[Given material Boundary: Start]
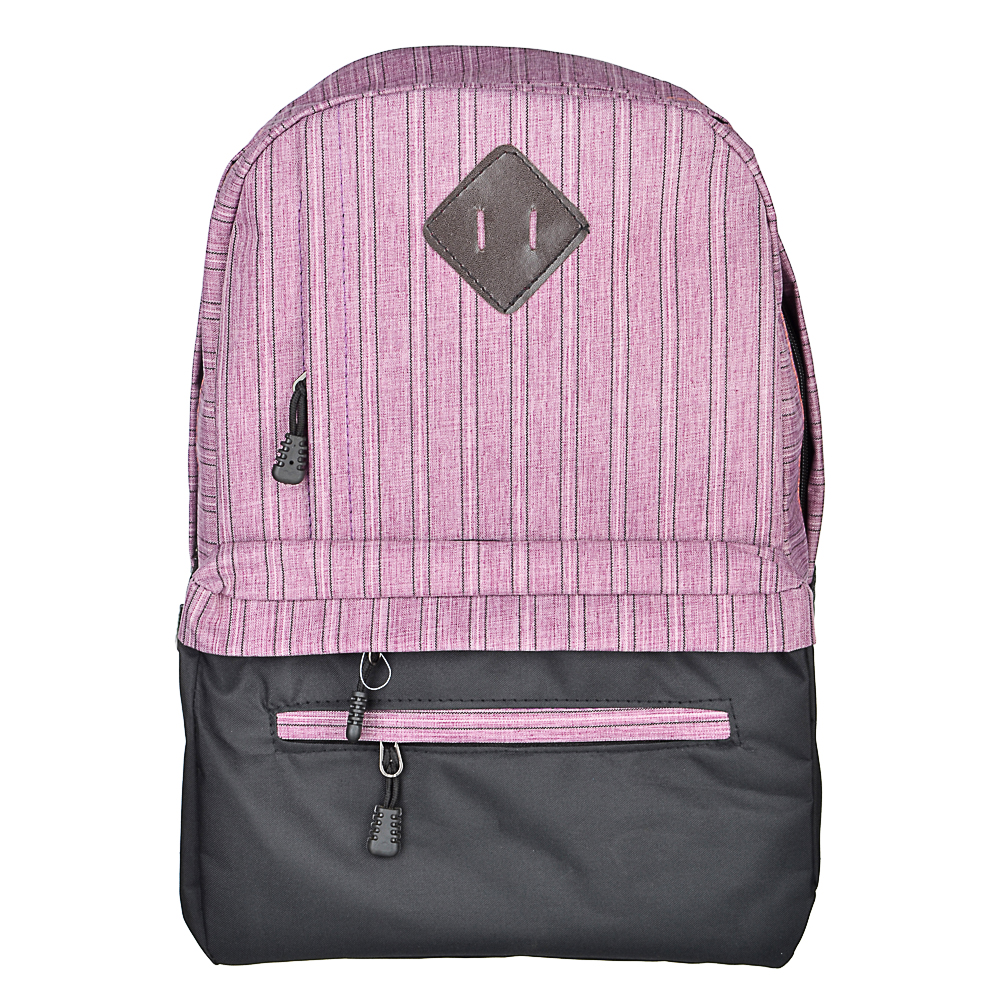 Рюкзак подростковый 44x31x13см, 1отд, 1 карман, спинка из ЭВА, USB, полиэстер под ткань, сиреневый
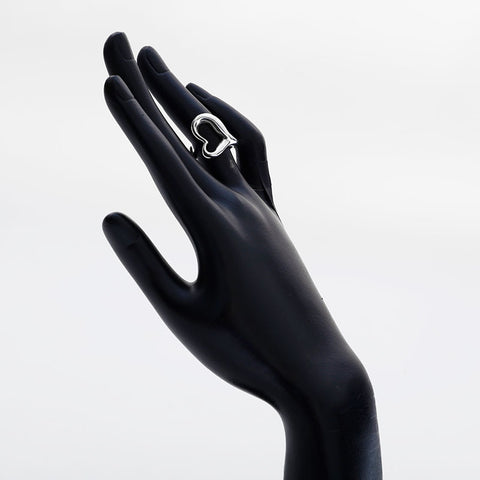 TIFFANY&Co. Size 9 Open Heart 925 Ring Silver WS21850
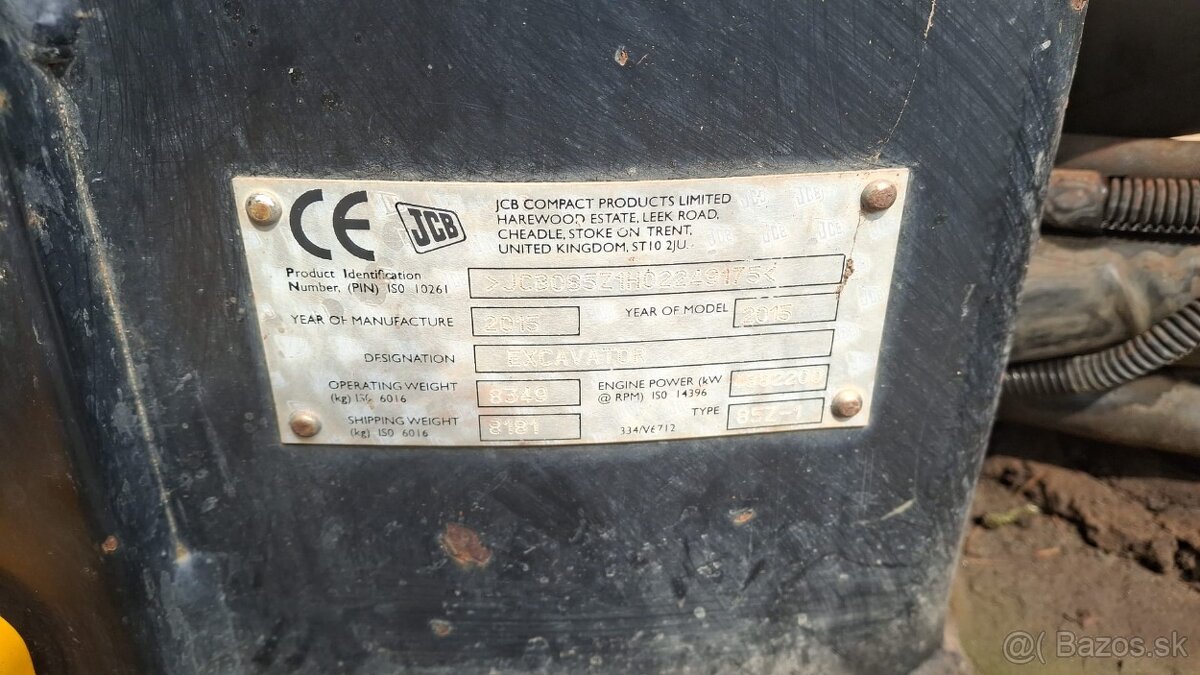 Prodám JCB 85 - Z - 8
[Given material Boundary: End]
# Try it
Transcribe the listing in full. Leave the pictures out.

# Answer section
 Рюкзак подростковый 44x31x13см, 1отд, 1 карман, спинка из ЭВА, USB, полиэстер под ткань, сиреневый
 TIFFANY&Co. Size 9 Open Heart 925 Ring Silver WS21850
 Prodám JCB 85 - Z - 8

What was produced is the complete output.